Sabatini ter: domanda e incentivi PMI

Dal 2 maggio 2016 è possibile presentare domanda per fruire delle agevolazioni della Nuova Sabatini rivolte alle piccole e medie imprese che effettuano investimenti in nuovi macchinari, impianti e attrezzature. Nuova in ogni senso, poiché rispetto al passato ha visto l’estensione dei finanziamenti anche ai fondi non vincolati alla provvista di Cassa Depositi e Prestiti. La Circolare MiSE n. 26673 del 23 marzo 2016 ha fissato termini e modalità di presentazione delle istanze. Vediamo nel dettaglio come accedere al finanziamento.

Nuova Sabatini: guida completa e domanda di finanziamento

Istituita con l’articolo 2 del Dl 9/2013 (Decreto del Fare), la Nuova Sabatini  concede un finanziamento a micro imprese e PMI da parte di banche e intermediari, nonché un contributo MiSE rapportato agli interessi calcolati sui finanziamenti. La Legge di Stabilità 2015 ha fissato a 5 miliardi di euro il plafond di Cassa Depositi e Prestiti mentre lo stanziamento per il contributo MiSE, relativo agli anni 2014-2021 è pari a 385,8 milioni di euro.

L’agevolazione riguarda l’acquisto, anche in leasing, di impianti, macchinari, beni strumentali e attrezzature nuovi di fabbrica ad uso produttivo nonché investimenti in hardware, software e tecnologie digitali. I beni strumentali devono presentare una autonomia funzionale oppure possono integrare con nuovi moduli l’impianto o il macchinario già esistente introducendo una nuova funzionalità nell’ambito del ciclo produttivo dell’impresa. In ogni caso l’investimento non può riguardare beni che costituiscono mera sostituzione di beni esistenti.
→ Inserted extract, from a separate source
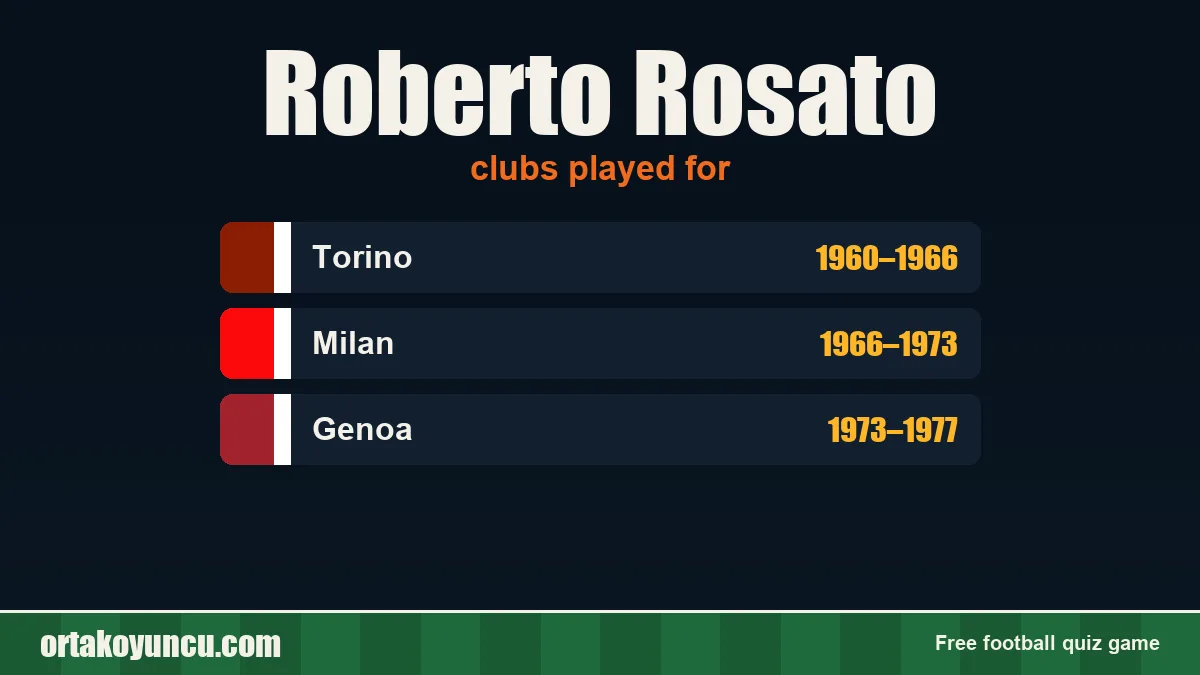 Roberto Rosato: clubs and years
Gli investimenti devono essere avviati successivamente alla data della domanda di accesso ai contributi e conclusi entro 12 mesi dalla stipula del contratto di finanziamento., a fronte del quale il Ministero concede un contributo in conto impianti, pari all’ammontare degli interessi calcolati in via convenzionale su un finanziamento al tasso d’interesse del 2,75% della durata di 5 anni e importo equivalente al finanziamento concesso. La concessione del finanziamento – che può essere assistita dalla garanzia del Fondo centrale fino all’80% - deve essere:

  • deliberato entro il 31 dicembre 2016;
  • a copertura del 100% degli investimenti;
  • di durata massima, compreso preammortamento o prelocazione non superiore a 12 mesi, di 5 anni decorrenti dalla stipula del contratto di finanziamento o dalla consegna del bene in caso di leasing;
  • deliberato per un valore compreso tra 20.000 e 2 milioni di euro, anche frazionato in più iniziative di acquisto;
  • erogato in soluzione unica, entro 30 giorni dal contratto di finanziamento o consegna del bene in leasing.